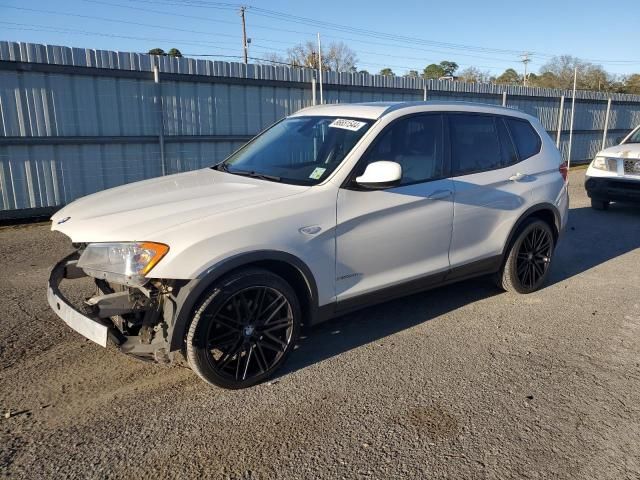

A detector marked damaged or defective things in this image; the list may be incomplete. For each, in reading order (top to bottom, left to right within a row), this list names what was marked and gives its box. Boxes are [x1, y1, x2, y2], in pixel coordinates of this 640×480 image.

front bumper damage [47, 253, 178, 362]
damaged front end [47, 249, 181, 362]
exposed headlight assembly [77, 242, 169, 286]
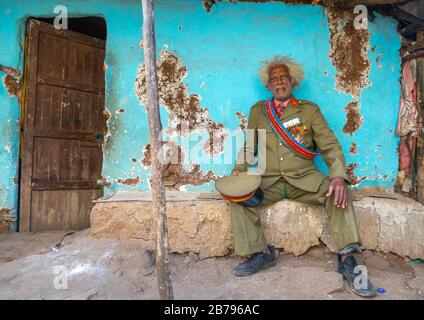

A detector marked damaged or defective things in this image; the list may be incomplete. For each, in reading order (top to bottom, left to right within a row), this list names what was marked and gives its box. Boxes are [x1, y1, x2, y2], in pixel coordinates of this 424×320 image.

peeling paint [326, 7, 370, 97]
peeling paint [136, 47, 229, 156]
peeling paint [342, 100, 362, 135]
peeling paint [142, 142, 217, 190]
peeling paint [346, 164, 366, 186]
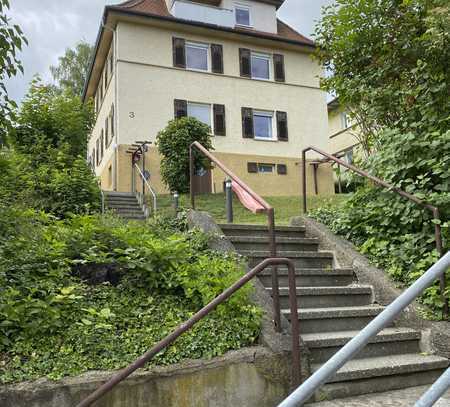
▬▬▬
* Work item *
Everything in the listing, except its images, should be set down exactly.

* Reply to the task *
A detector marked damaged or defective things in this image; the list may be incomplete. For each, in reading order (top to bottom, left to right within a row), this list names what was marked and gives its box. Boxes are [x1, y1, x2, y2], in pixel coordinates of this 640×480 image.

front bumper damage [47, 253, 178, 362]
damaged front end [47, 249, 181, 362]
exposed headlight assembly [77, 242, 169, 286]

A detector marked damaged or defective things in this image; the list may be incomplete. For each, in reading order (top to bottom, left to right within a row), this list names what was marked and gives its box. Boxes are [x1, y1, x2, y2], in pixel coordinates of this 424×320 image.

peeling paint [326, 7, 370, 97]
peeling paint [136, 47, 229, 156]
peeling paint [342, 100, 362, 135]
peeling paint [142, 142, 217, 190]
peeling paint [346, 164, 366, 186]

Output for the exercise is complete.